**TRY IT**
Quote, word for word, only the lines running from the line with "Sam Johnstone joins" through the end of the listing. Leave out the pictures.

**COLLECTED MATERIAL**
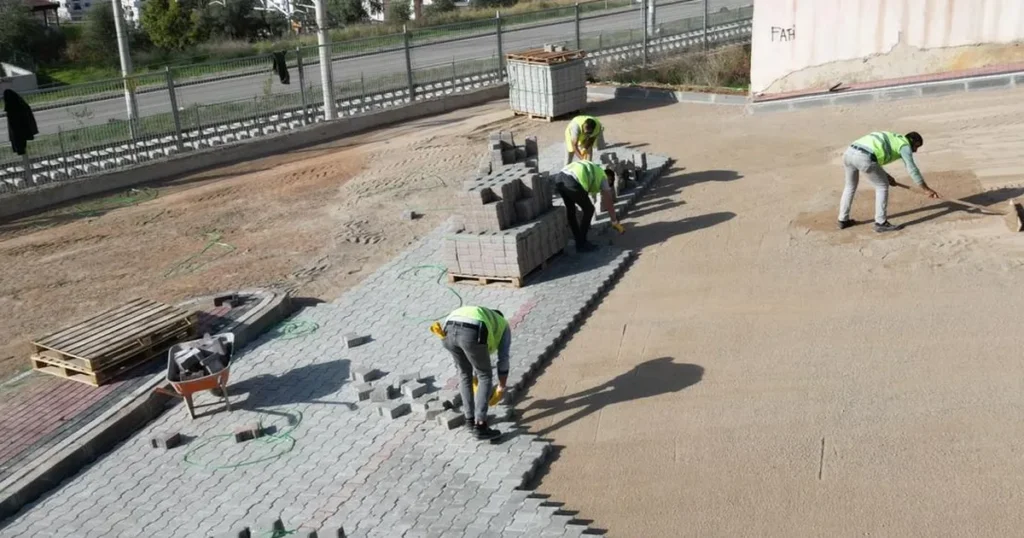 Kocaeli Gebze’de üstyapı çalışmaları hız kesmiyor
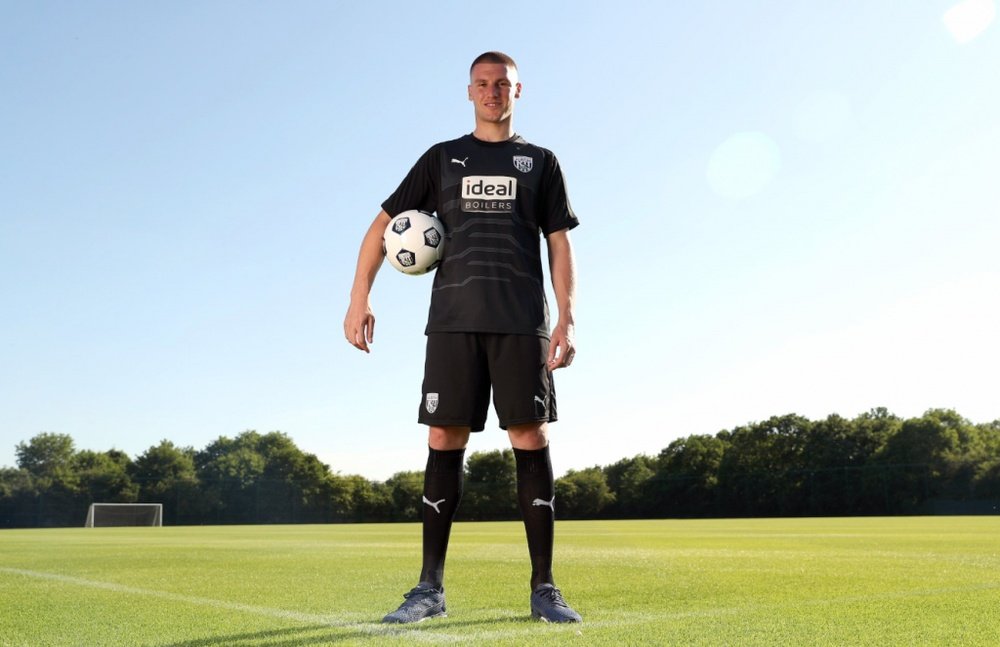 Sam Johnstone joins from Man Utd. Twitter/WBA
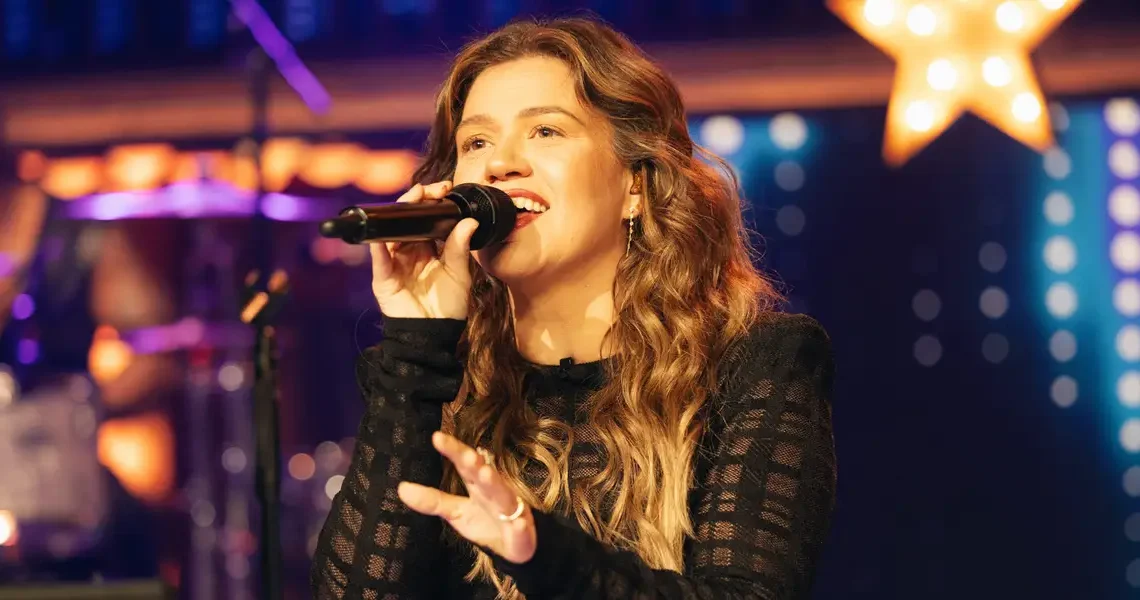 All of the best memes about the Kelly Clarkson drama over a fake bird
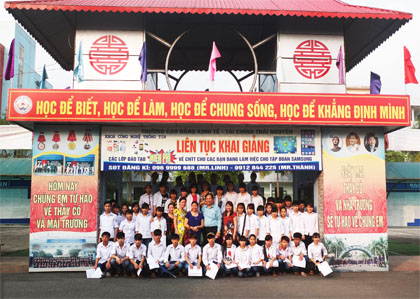 Đoàn cán bộ, giáo viên và học sinh trường phổ thông THCS nội trú Phú Lương thăm trường CĐ Kinh tế-Tài chính Thái Nguyên.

**ANSWER SECTION**
 Sam Johnstone joins from Man Utd. Twitter/WBA
 All of the best memes about the Kelly Clarkson drama over a fake bird
 Đoàn cán bộ, giáo viên và học sinh trường phổ thông THCS nội trú Phú Lương thăm trường CĐ Kinh tế-Tài chính Thái Nguyên.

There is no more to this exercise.